*Task*. Reproduce exactly, and only, the lines of the material below running from the line bearing "4394 Wildflower Lane, Saanich, BC, V8X" through the line bearing "20P Julia Myle, petite". Leave any pictures out.

*Data for this exercise*.

--*--

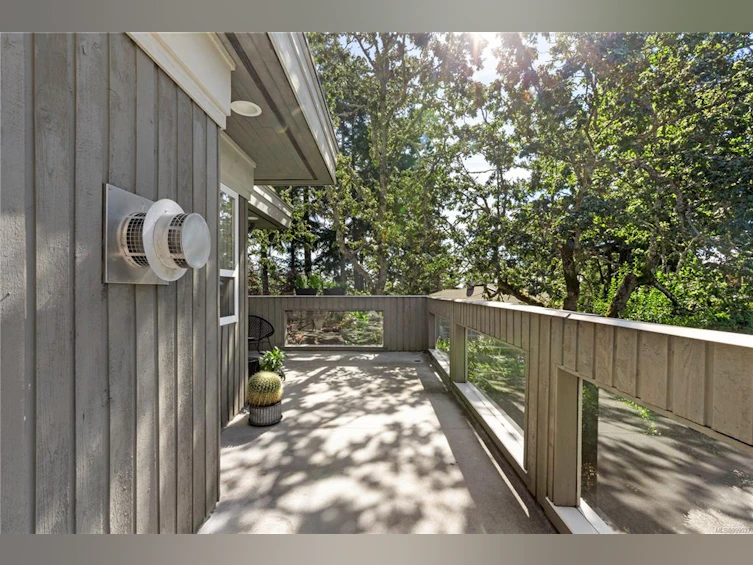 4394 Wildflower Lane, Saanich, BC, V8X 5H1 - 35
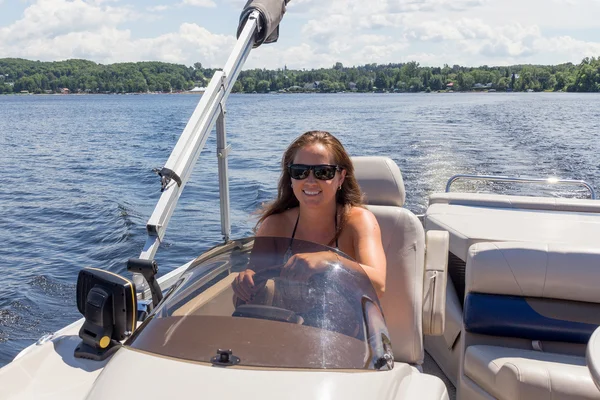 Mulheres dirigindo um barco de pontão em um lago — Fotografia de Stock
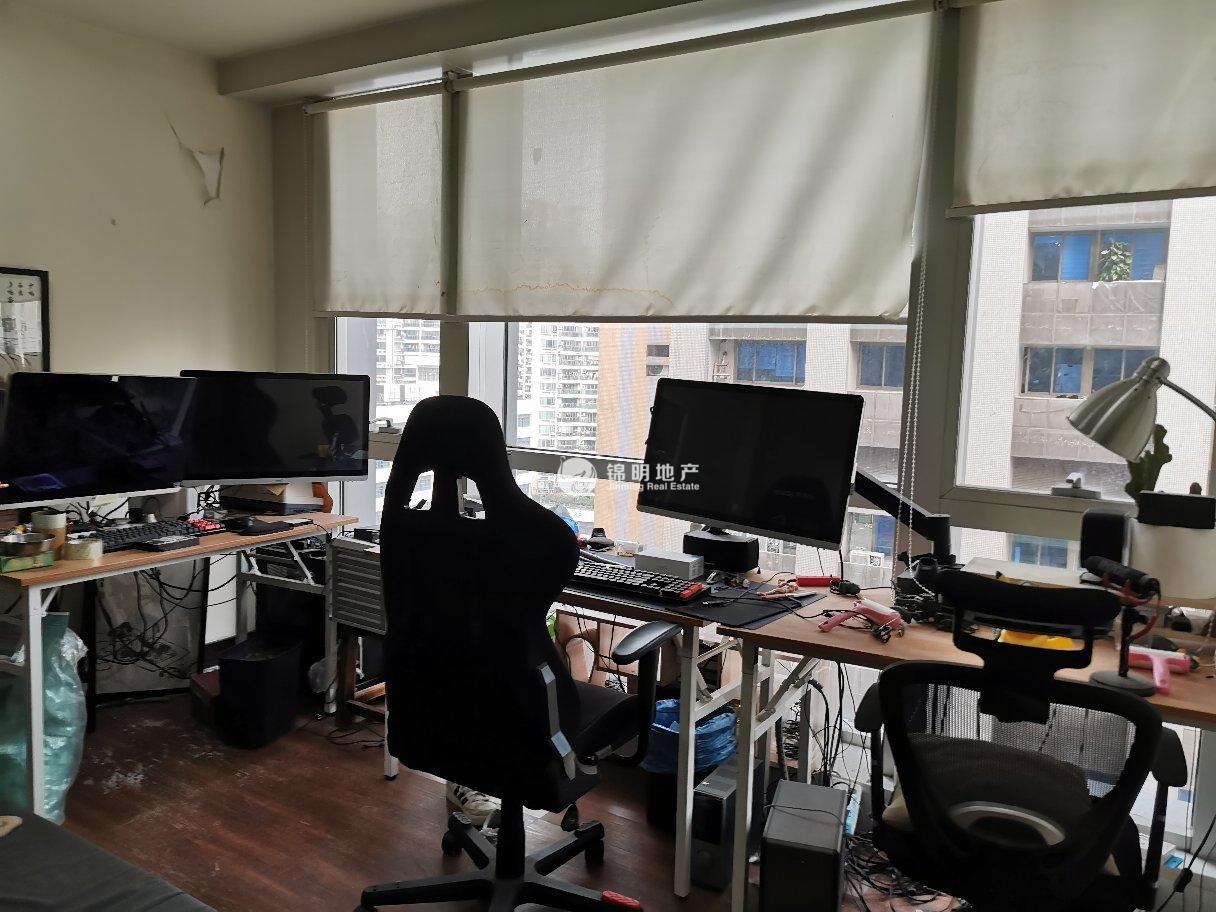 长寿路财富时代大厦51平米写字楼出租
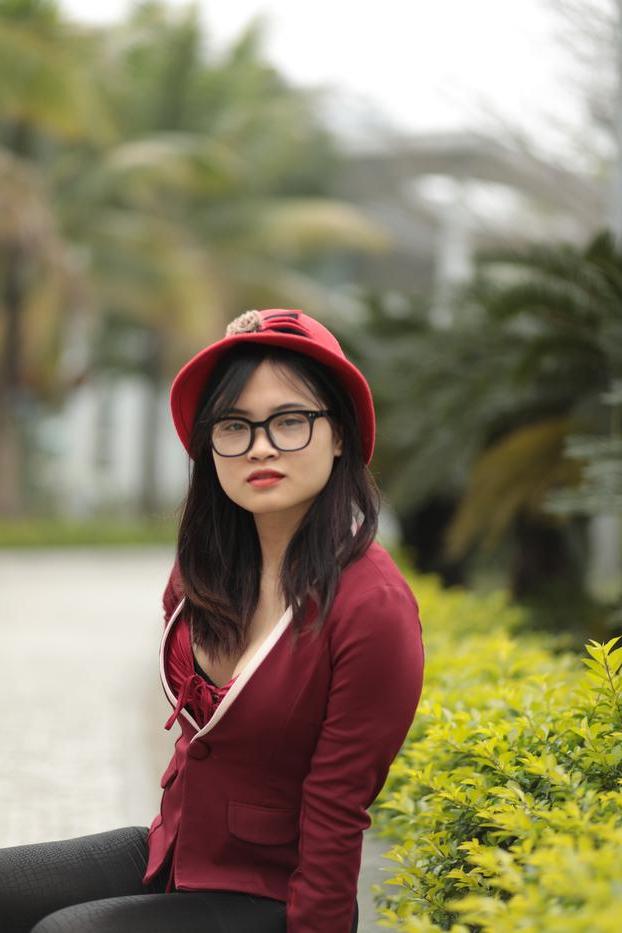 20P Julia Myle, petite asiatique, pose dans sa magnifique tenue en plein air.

--*--

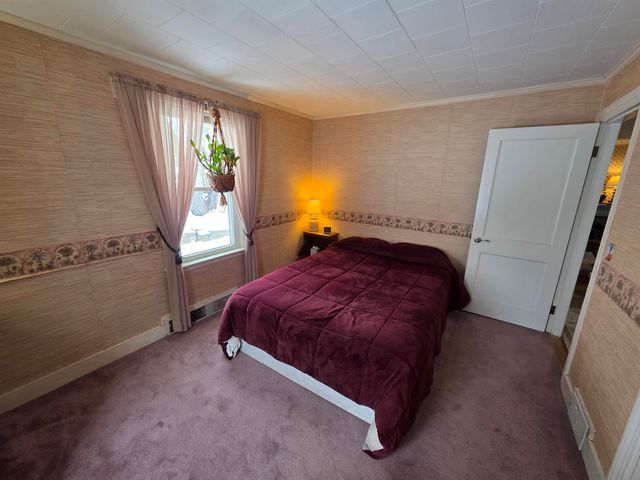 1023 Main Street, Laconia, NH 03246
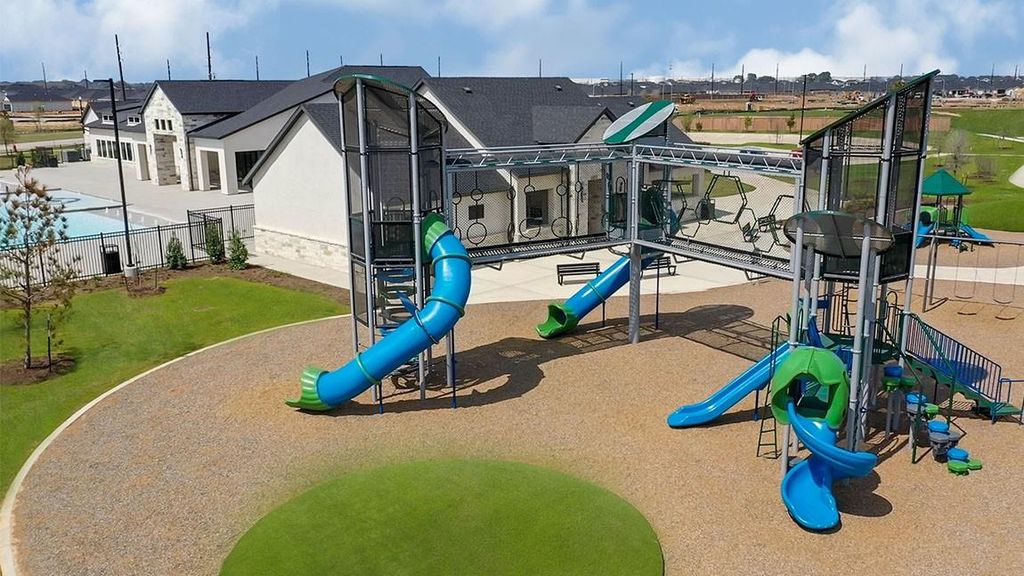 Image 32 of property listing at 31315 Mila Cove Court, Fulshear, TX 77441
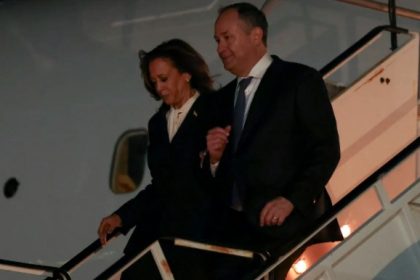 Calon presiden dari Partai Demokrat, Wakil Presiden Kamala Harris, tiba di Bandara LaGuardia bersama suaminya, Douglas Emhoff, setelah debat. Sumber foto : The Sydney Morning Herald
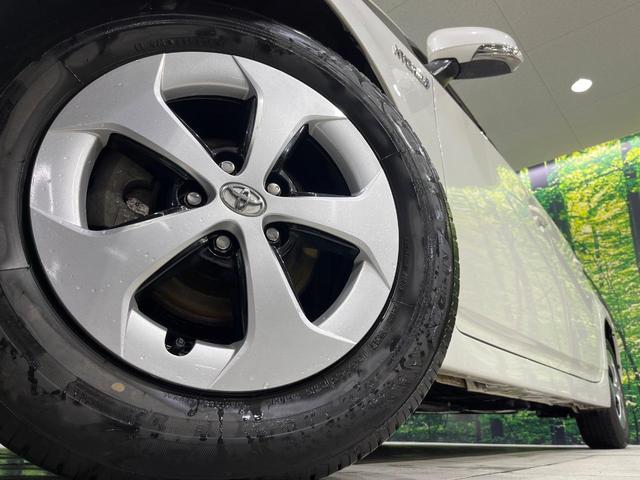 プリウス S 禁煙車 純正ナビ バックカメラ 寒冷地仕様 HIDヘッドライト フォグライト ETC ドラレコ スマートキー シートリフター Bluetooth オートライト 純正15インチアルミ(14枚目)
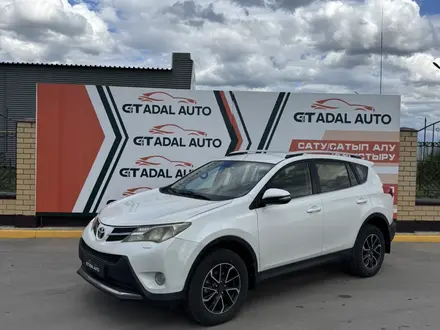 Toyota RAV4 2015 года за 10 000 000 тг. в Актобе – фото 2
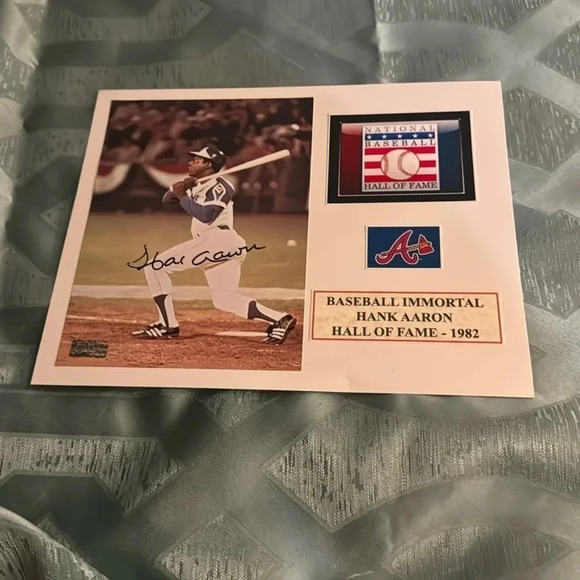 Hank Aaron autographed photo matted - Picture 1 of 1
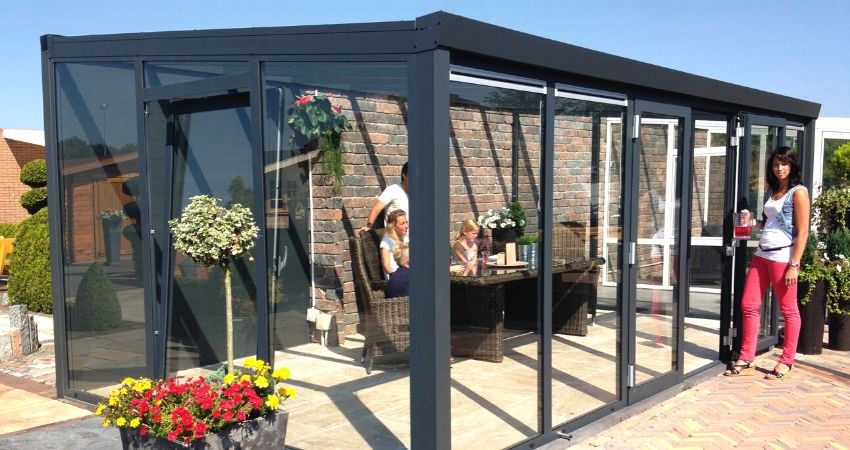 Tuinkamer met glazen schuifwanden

--*--

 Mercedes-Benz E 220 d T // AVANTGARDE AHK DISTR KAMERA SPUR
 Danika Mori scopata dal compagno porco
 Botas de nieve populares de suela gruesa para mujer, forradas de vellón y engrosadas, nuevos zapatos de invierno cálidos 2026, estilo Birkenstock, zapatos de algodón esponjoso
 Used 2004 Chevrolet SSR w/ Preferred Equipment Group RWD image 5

--*--

*Task response*.
 4394 Wildflower Lane, Saanich, BC, V8X 5H1 - 35
 Mulheres dirigindo um barco de pontão em um lago — Fotografia de Stock
 长寿路财富时代大厦51平米写字楼出租
 20P Julia Myle, petite asiatique, pose dans sa magnifique tenue en plein air.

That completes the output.